[Captioned web images]
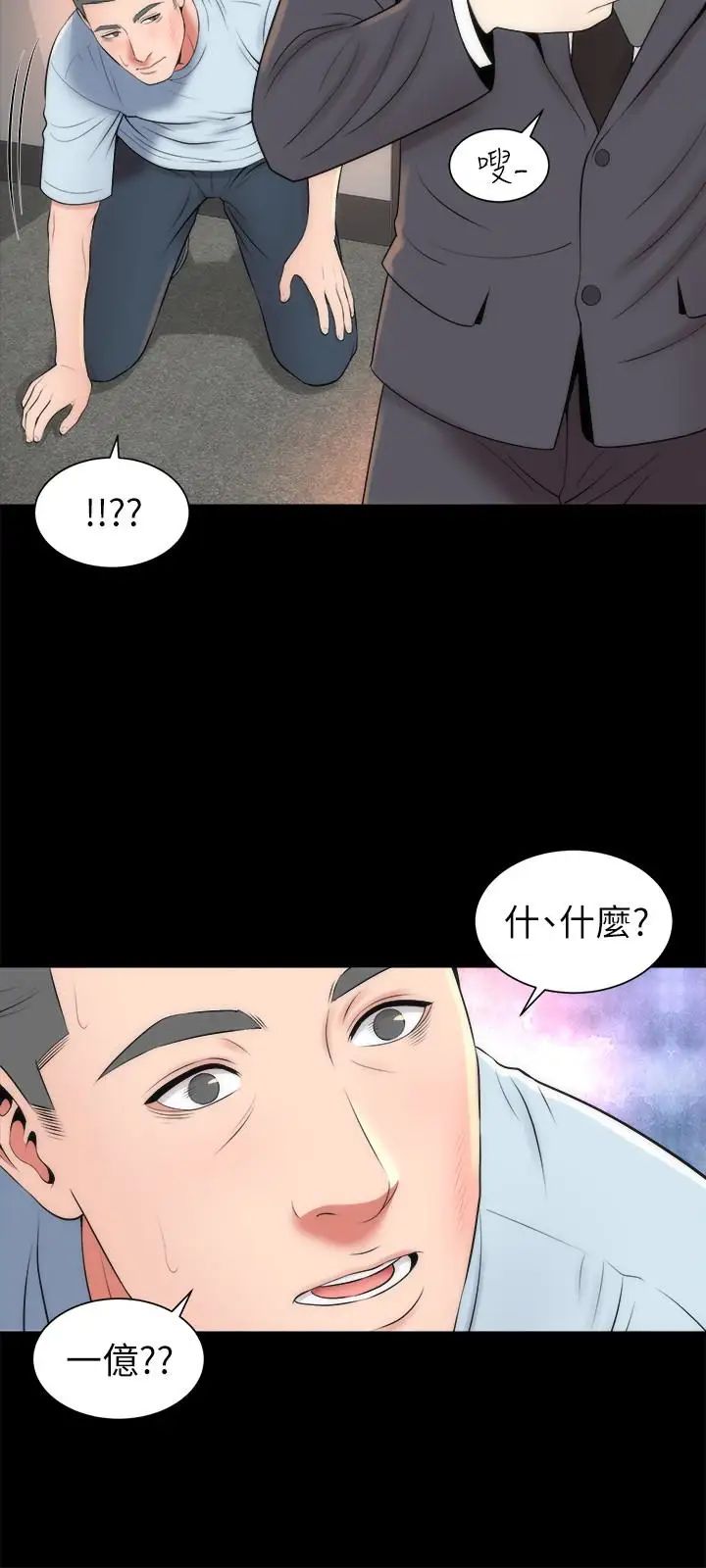 《隔壁母女》漫画最新章节第27话 - 现在起，请把我当女人看吧!免费下拉式在线观看章节第【12】张图片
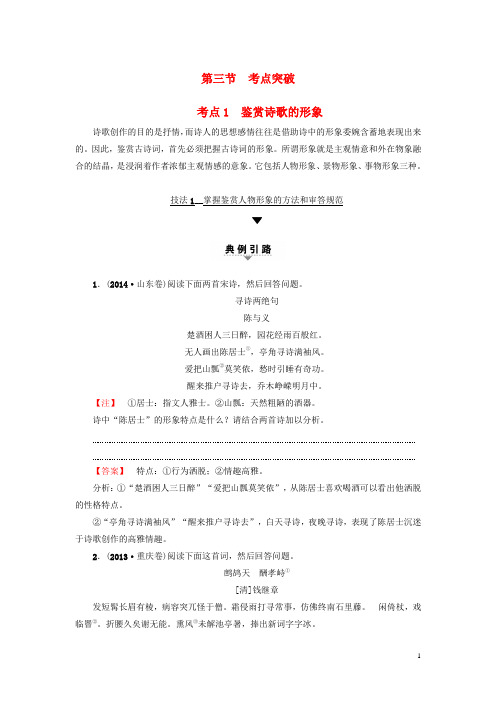 江苏省2018高考语文大一轮复习第2部分古代诗文阅读第2章古诗词鉴赏第3节考点突破考点1鉴赏诗歌的形象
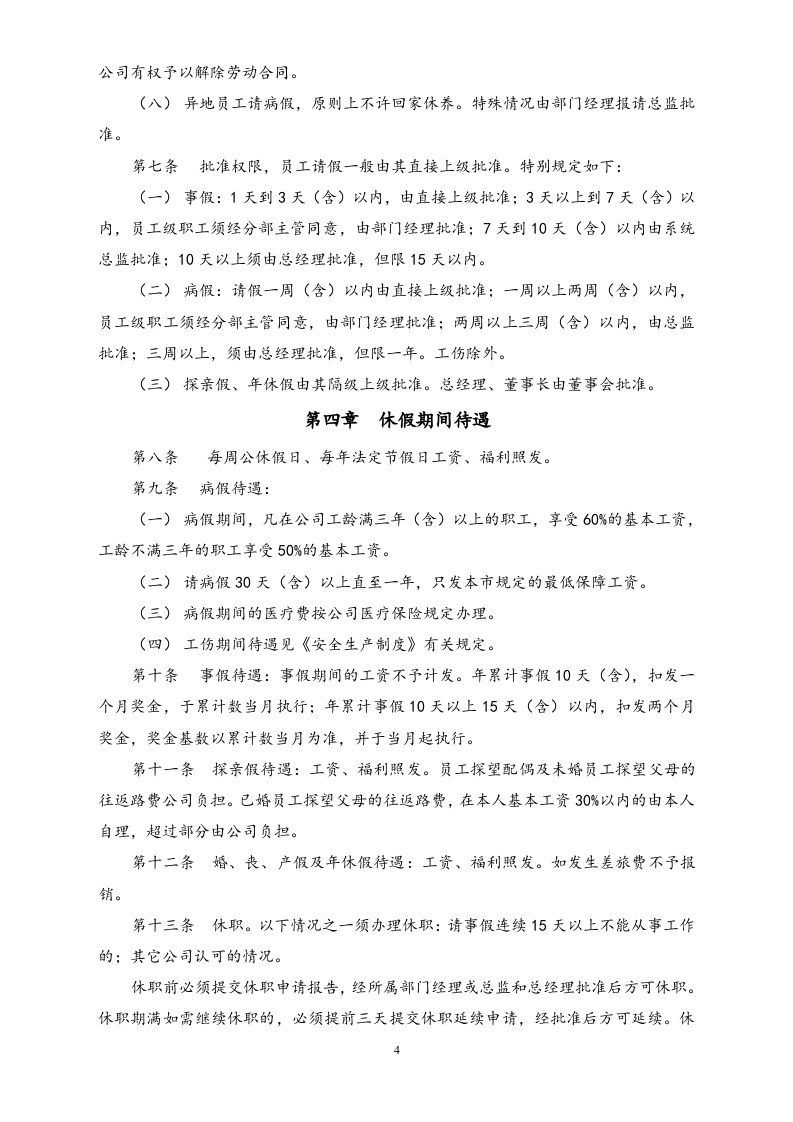 【通用】考勤、请假、休假制度.docx 第4页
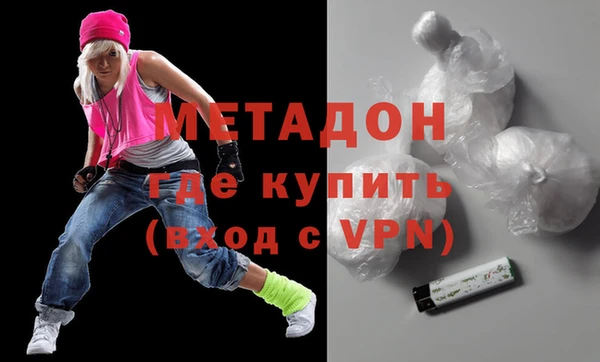 гашик Нягань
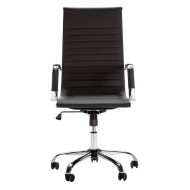 Silla de escritorio respaldo alto ANDY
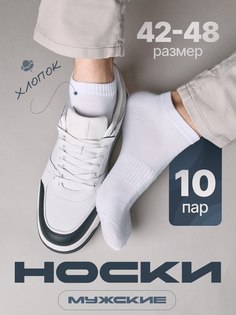 Носки мужские белые 10 пар Red Mos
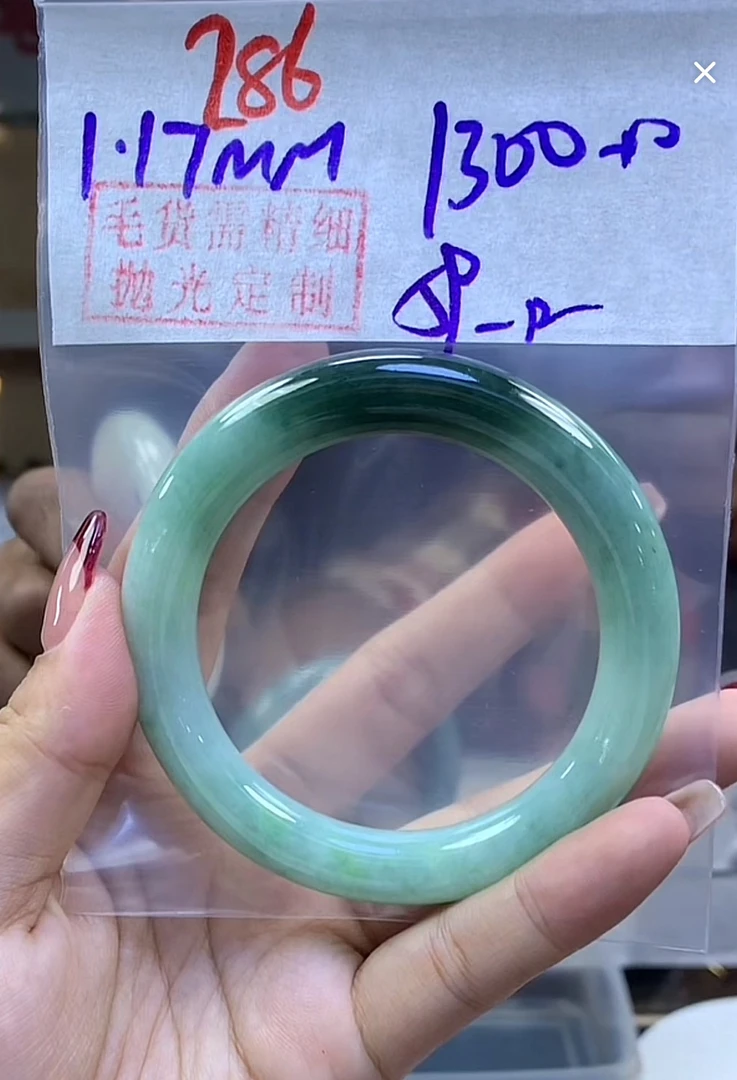 定制翡翠未镶嵌毛货286手镯59+1300元+拍一发一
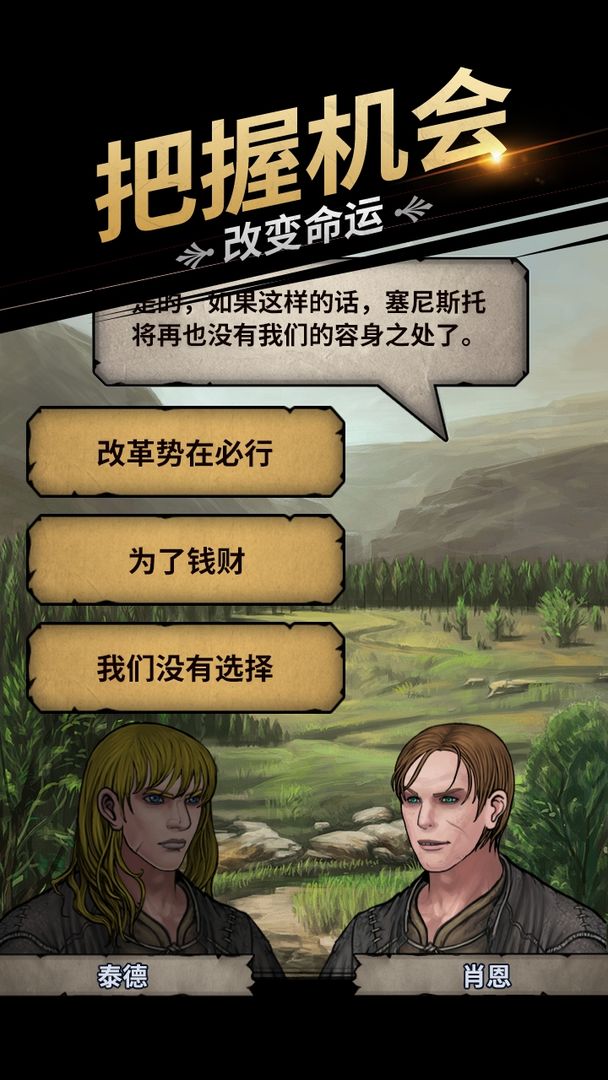 诸神皇冠九游版
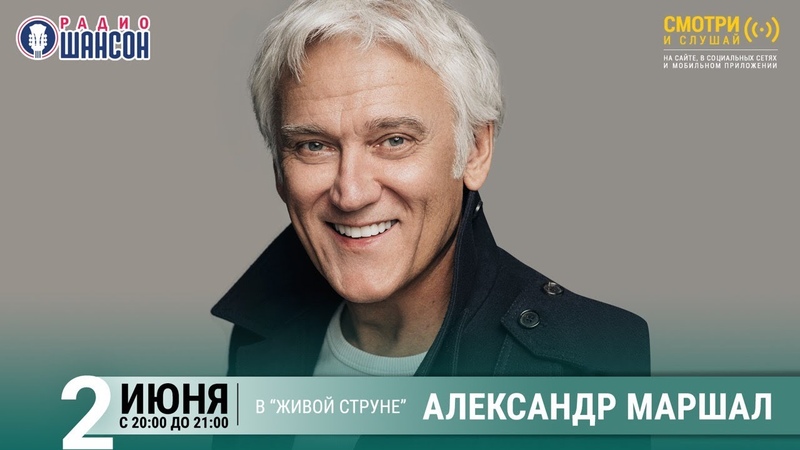 Живая струна на Радио Шансон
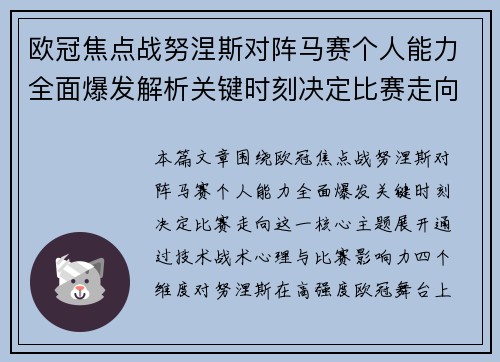 欧冠焦点战努涅斯对阵马赛个人能力全面爆发解析关键时刻决定比赛走向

# [TASK DIRECTIONS]
The entries above are to be printed again word for word, with every picture removed.

# [WRITTEN REPLY]
 《隔壁母女》漫画最新章节第27话 - 现在起，请把我当女人看吧!免费下拉式在线观看章节第【12】张图片
 江苏省2018高考语文大一轮复习第2部分古代诗文阅读第2章古诗词鉴赏第3节考点突破考点1鉴赏诗歌的形象
 【通用】考勤、请假、休假制度.docx 第4页
 гашик Нягань
 Silla de escritorio respaldo alto ANDY
 Носки мужские белые 10 пар Red Mos
 定制翡翠未镶嵌毛货286手镯59+1300元+拍一发一
 诸神皇冠九游版
 Живая струна на Радио Шансон
 欧冠焦点战努涅斯对阵马赛个人能力全面爆发解析关键时刻决定比赛走向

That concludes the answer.